Okay, this gets a bit technical, let me explain the background. In doing loudspeaker measurements for its direct sound in normal rooms that have reflections, what we do is measure the whole impulse response of the system, including room reflections. Then we use time windowing, using some standard window function like Hanning as multiplier in time domain that filters out to zero any signals that are due to room reflections after the direct impulse from the loudspeaker. Then to get the frequency response, we do FFT for the limited time impulse signal.

The question I'm asking now: Obviously the limited time windowed sample of the real full length impulse response can't give frequency response data for any low frequencies that don't at least have half a period fit into that time, due to simple fact how Fourier series works. My question thou: If the window length is only the length of the impulse sample, then the frequency resolution is very limited since 2nd frequency term in the Fourier series is actually double that of the first frequency. There are tons of frequencies in-between that have no spectral data from the windowed impulse, although the impulse is of length long enough for representing the response of those frequencies. Or is it? Shouldn't it be?

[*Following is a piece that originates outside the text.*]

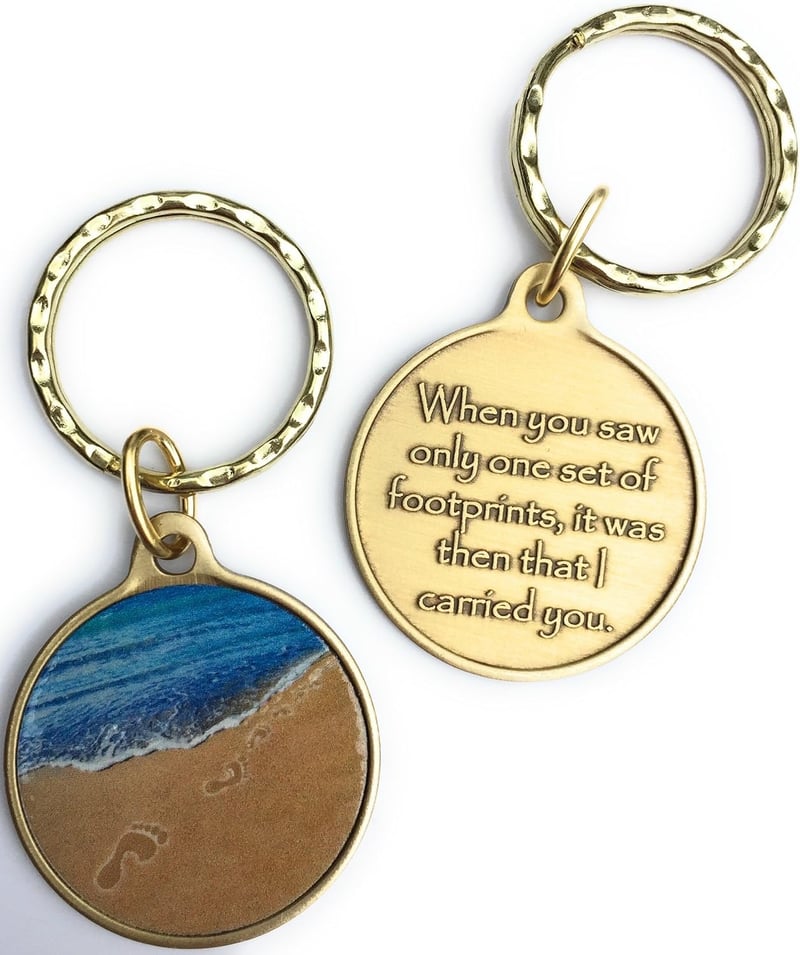Footprints in the Sand Bronze Keychain - Spiritual Gift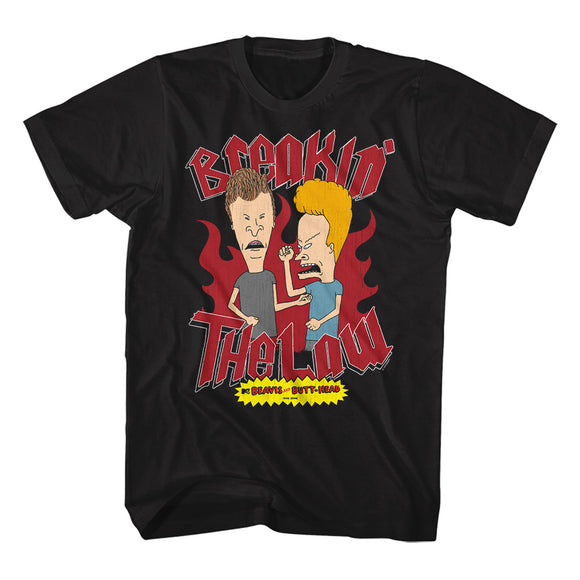 Beavis and Butthead Breaking The Law Black Tall T-shirt - Yoga Clothing for You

My question is: What if we add a long chain of zeros in front of the windowed impulse and then do FFT. This new FFT obviously has way better frequency resolution. It also does include lower frequencies that don't have at least half a period within that impulse so spectral results at those frequencies are wrong and have no meaning. But starting from the frequency that has half a period within the impulse upwards, is this added frequency resolution some real data? Something that this limited sampled impulse can really represent as the frequency response of the system.

(And to make it clear, I'm just a hobbyist with university background measuring my own designed loudspeakers for fun. No business)